午後11時頃帰宅。翌19日は、5月初めに予定していた催事キャンセルの為、「振替催事」の撮影に「スタジオ フィデル」へ。昼過ぎに撮影完了。そのまま、「N印刷」で版下作成、夕方校了。23日出来上がりの予定を聞いて、20日早朝、新幹線で京都「せんきた工藝店」で開催予定の「版と型の仕事展」の“もの並べ”へ。夕方終了後、そのまま東京へ。21日は準備日で休養日のつもりだったのだけれど、駒場の「日本民藝館」で開催中の「朝鮮工藝の美」を見て、帰りに3年ぶりで自由が丘の「岩立フォークテキスタイルミュージアム」へ。井の頭線から東横線に乗り換えるのに、延々と歩かされてうんざり。帰りは、地下鉄を乗り継いで旧友Fの待つ「お茶の水」へ。新宿に廻り吉田秀和の本二冊を購入。探していた本なので嬉しかった。

八女 • 柴田展
京都 • 版と型の仕事展

22日朝6年ぶりの東北へ。桜が満開の盛岡で4カ所を訪ね、それぞれ懐かしい顔に再会後、新幹線で南下。午後7時半最寄り駅「栗駒高原駅」到着。栗駒の鈴木君の自宅へ、同君とは5年ぶり。市内で夕食をしたため、酒盛りの為の買い物。その後、午後11時頃から飲み始めて、結局午前4時頃まで話す。翌朝、未だ咲く前の山桜を眺め、鶯があちこちで鳴き交わすのを聞きながら、土産に持って来た「横澤のパン」と、最近の私の楽しみ「自家追焙煎の珈琲」に目玉焼き、自家製野菜などで朝食。あっという間に時間が過ぎる。
昼近くの新幹線で、20年ぶりの益子へ。


夜は囲炉裏を焚いてくれました
自作の杯と丹波の徳利
室内からの眺め
連休中の催事を控えて、屋根の修理中でした
盛岡では満開だった桜も此処の山桜はこれから

出発が遅れた為に予定していたバスに乗り遅れ、結局、宇都宮から二駅先の「石橋」まで、大塚誠一君に迎えに来てもらう事に。益子まで18km程。途中、道具屋に寄ったりした後、同君の仕事場、140年続くと言う「大誠窯」へ。同君は柴田さんの弟子時代、私の店に来た事があり、その縁で今回お訪ねした次第。仕事場と作品をいろいろ見せてもらう。ここは大きな登窯で仕事をしている、関東周辺の産地としては珍しい窯だ。5年前の大震災の時に、益子の諸処の窯は大きな被害を受けたと聞いているけれど、ここもまた窯がつぶれ築き直したとか。夜は旧知の「南窓窯」石川雅一氏の自邸へ。奥様の美味しい手料理でこの日もまた帰りが12時を過ぎる。

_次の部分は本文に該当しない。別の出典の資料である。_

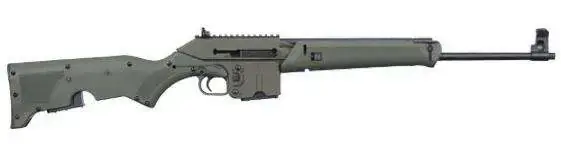 Kel-Tec SU16CAGRN SU-16CA 223 Rem,5.56x45mm NATO 16" 10+1 Fixed Green Stock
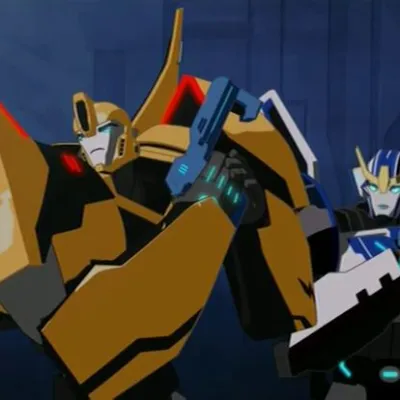 Chat with Movie & TV AI Character: Bumblebee and Strongarm (RID)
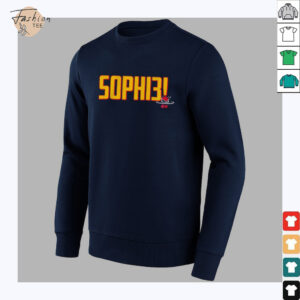 Sophie Cunningham Indiana Fever SOPHI3 shirt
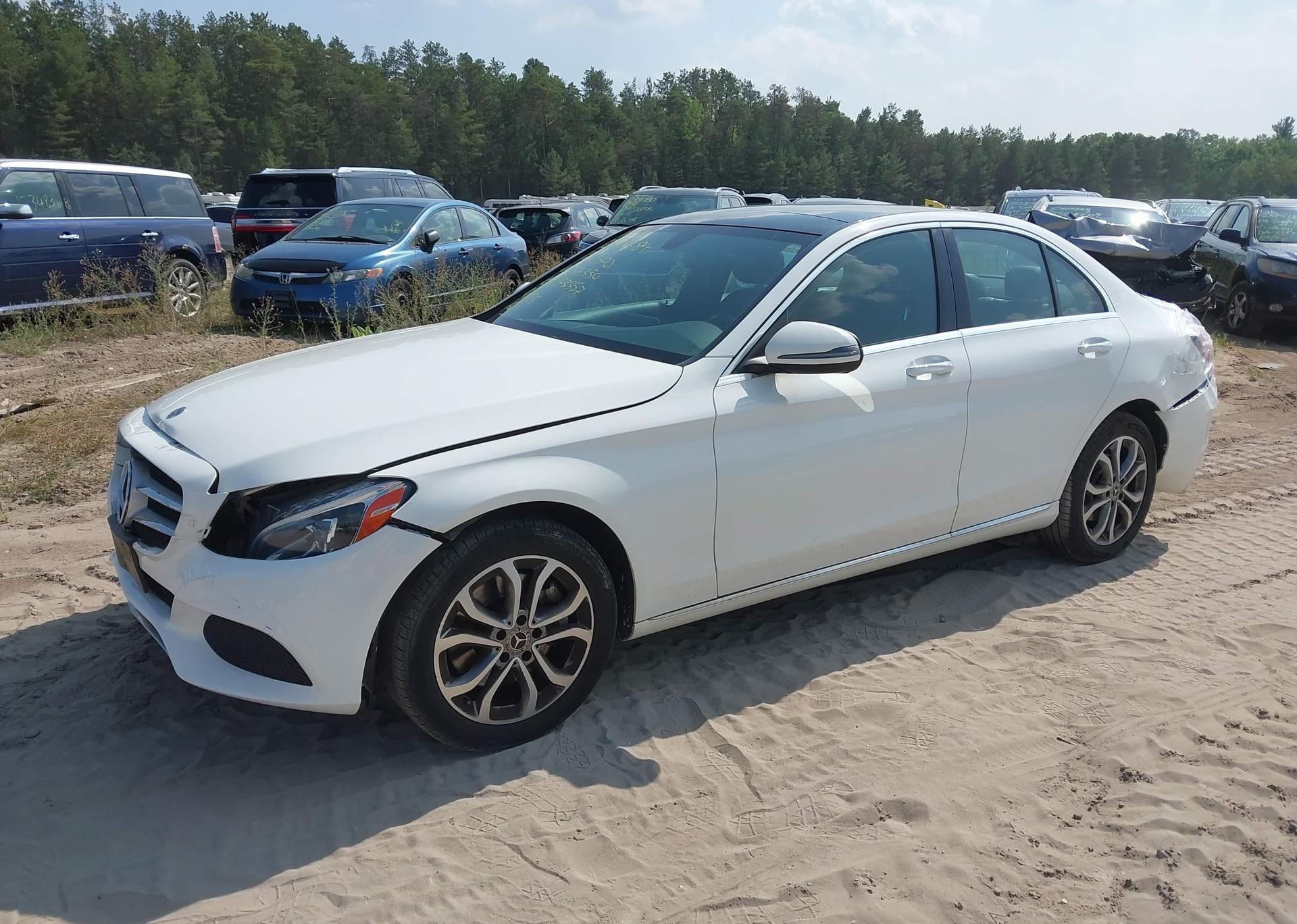 2018 MERCEDES-BENZ C 300 4MATIC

翌朝、約40年ぶりの「益子参考館」へ。建物や展示品に大震災のときの傷が残るのを見て、今回の熊本地震で大きな被害を出した「熊本国際民藝館」を想う。日本(世界)で唯一残る「外村展示」も失われてしまった。参考館の展示品の中に、「世界の民芸」(1972年朝日新聞社 刊)に納められている品を見ると、何か懐かしい気がする。喫茶用の椅子なども良いものが多数。その後市内の道具屋に行き、昼食も食べて、再度大塚君の自宅へ。この人は、無類の物好きで、自宅に古いものを並べる専用の部屋まであるのだ。3時過ぎまでそうやって過ごし、また「石橋」の駅まで送ってもらう。今日の目的地は、「湘南新宿ライン」で1時間半程先の「浦和」だ。今年11月に10年ぶりで開催予定の、「R • ゴーマン個展」の為の作品選びが目的。選品後町へ。浦和で泊めてもらうつもりだったけれど、翌日の予定を考えると東京の長男のアパートへ帰った方が良さそうな気がして、駅傍の「フレンチ居酒屋」で柳沢さんと飲みかつ食べて、お別れした。


益子参考館から本館へのアプローチ
益子参考館、色の違う石は修理された処
喫茶室の椅子二種
大誠窯の登窯
大塚君の仕事
大塚君の持ち物、現代の沖縄の南蛮の徳利
浦和のフレンチ居酒屋で食事の後、何故撮ったのか?

25日は昼過ぎに、なじみの横浜 K 舎へ。帰りに雑司ヶ谷の染色家•名取敏雄さんを訪ねる。6年ぶり。以前と変わらず、素朴で率直な人柄で私の好きな人。21日からの催事、或は来年度の催事用に、いまある仕事のほとんどすべてを見せてもらう。出前のお寿司を御馳走になりお土産をもらって、同行のモトちゃんと良い機嫌で帰る。26日は休養日、とは言っても昼過ぎから街に出て、F君と待ち合わせて新宿を歩き、帰りに新中野の「S」でピザを肴にワインを1本。
翌27日は、昼頃Aさんと待ち合わせ笹塚の「つるとかめ」に入居中のYさんのお見舞い。土産の最中を美味しそうに食べて下さった。その後、目白で「坂田」と「モンサカタ」へ。次に、朝、土産を買いに行った吉祥寺に行く途中の電車で広告を見た「MIYAKE  ISSEY 展」を見るために、六本木の新国立美術館へ。私は初めてのところ。


会場近くに泳ぐ鯉のぼり

会場は二階で、18年前に四国 • 坂出の「猪熊弦一郎現代美術館」で見て以来の、三宅一生の展覧会だ。中身は実に刺激的で面白かった。作品は40年程前から今のものまで。洋服から始まり、表現として(結果的に)洋服と云うジャンルを超えてしまった様な仕事。興奮して外に出てみると、隣りの部屋に「国展」の文字が見えたので、中の人に聞くと「国展工藝部」の会場は三階だとか。(なんと!今日が初日だったのだ)三階に上ると、会場入口に福岡の「柴田展」初日の前日に、わざわざ来てくれた北九州の阿部さんと熊本 • ふもと窯の井上君の顔。
井上君から入場券を貰って中に入る。広々と明るいところに、あれこれのジャンルの作品が並ぶ。見終わった後、外が透けて見えるエレベーターで下る途中、どうも大澤美樹子さんらしい顔が2階の喫茶に見える。もう一度、二階に上り見るとやはり大澤さん。同席の三人の方々には申し訳なかったけれど、あれこれの話を30分程。ほんとにびっくりした。翌28日、再度京都に寄り、今日が最終日のGの「わの会」へ。いろいろと買い物をして、夜8時過ぎ、新幹線で約10日ぶりの博多へ。これでおしまい、長々とお退屈様!